Return only the number of lines in the data below where the word "Modern" appears.

Short web captions:

--- START ---

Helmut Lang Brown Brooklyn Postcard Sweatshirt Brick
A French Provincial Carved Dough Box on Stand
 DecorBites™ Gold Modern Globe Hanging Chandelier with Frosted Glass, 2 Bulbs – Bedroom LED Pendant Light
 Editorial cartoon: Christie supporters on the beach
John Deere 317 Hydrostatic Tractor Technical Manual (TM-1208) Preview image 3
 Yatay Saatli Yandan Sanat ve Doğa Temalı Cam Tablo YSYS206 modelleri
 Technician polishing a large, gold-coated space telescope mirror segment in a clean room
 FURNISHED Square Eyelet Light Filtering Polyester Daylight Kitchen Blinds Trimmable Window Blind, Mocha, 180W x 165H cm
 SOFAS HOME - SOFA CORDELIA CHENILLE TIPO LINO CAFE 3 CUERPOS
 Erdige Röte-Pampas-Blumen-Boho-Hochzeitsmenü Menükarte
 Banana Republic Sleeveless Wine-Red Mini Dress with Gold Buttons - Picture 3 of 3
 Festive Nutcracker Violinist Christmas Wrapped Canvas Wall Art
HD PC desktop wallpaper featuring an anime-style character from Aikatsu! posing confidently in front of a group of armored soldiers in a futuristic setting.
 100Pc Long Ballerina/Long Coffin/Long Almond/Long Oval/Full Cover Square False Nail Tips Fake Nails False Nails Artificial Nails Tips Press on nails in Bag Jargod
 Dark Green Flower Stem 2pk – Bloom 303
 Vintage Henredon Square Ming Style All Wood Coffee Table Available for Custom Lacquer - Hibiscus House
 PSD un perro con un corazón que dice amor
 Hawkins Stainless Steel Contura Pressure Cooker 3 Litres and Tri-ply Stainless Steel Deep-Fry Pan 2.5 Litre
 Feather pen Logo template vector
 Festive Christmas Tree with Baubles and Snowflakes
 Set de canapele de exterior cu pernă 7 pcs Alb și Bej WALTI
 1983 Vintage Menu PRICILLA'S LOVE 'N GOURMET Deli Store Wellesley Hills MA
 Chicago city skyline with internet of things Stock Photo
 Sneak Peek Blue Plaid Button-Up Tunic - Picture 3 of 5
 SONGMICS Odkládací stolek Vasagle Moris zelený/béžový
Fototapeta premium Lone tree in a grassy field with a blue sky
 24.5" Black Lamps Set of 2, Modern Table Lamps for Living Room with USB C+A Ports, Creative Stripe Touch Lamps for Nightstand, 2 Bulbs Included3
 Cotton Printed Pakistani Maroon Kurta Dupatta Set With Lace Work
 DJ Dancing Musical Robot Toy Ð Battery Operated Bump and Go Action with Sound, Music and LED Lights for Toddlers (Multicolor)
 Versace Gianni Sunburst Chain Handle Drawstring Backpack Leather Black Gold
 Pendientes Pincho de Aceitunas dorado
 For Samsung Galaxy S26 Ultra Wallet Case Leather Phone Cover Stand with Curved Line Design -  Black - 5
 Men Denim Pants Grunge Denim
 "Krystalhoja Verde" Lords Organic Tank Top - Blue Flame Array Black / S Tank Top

--- END ---

- **WRITTEN RESPONSE**
2